EXERCISE INSTRUCTIONS: Even if the data beneath seems repetitive, write it all out again exactly.

PROVIDED MATERIAL:
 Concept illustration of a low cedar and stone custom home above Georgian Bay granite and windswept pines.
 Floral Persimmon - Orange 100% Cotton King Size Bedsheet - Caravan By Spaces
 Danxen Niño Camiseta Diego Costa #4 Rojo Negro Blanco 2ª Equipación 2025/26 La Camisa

OUTPUT FOR THIS EXERCISE:
 Concept illustration of a low cedar and stone custom home above Georgian Bay granite and windswept pines.
 Floral Persimmon - Orange 100% Cotton King Size Bedsheet - Caravan By Spaces
 Danxen Niño Camiseta Diego Costa #4 Rojo Negro Blanco 2ª Equipación 2025/26 La Camisa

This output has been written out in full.